[Start of Attachment]

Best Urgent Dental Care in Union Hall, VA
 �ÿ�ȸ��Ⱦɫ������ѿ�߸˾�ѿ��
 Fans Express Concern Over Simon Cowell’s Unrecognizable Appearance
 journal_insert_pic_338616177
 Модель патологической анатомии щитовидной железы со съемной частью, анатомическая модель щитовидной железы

[End of Attachment]

In this exercise, reproduce each line above exactly.

Best Urgent Dental Care in Union Hall, VA
 �ÿ�ȸ��Ⱦɫ������ѿ�߸˾�ѿ��
 Fans Express Concern Over Simon Cowell’s Unrecognizable Appearance
 journal_insert_pic_338616177
 Модель патологической анатомии щитовидной железы со съемной частью, анатомическая модель щитовидной железы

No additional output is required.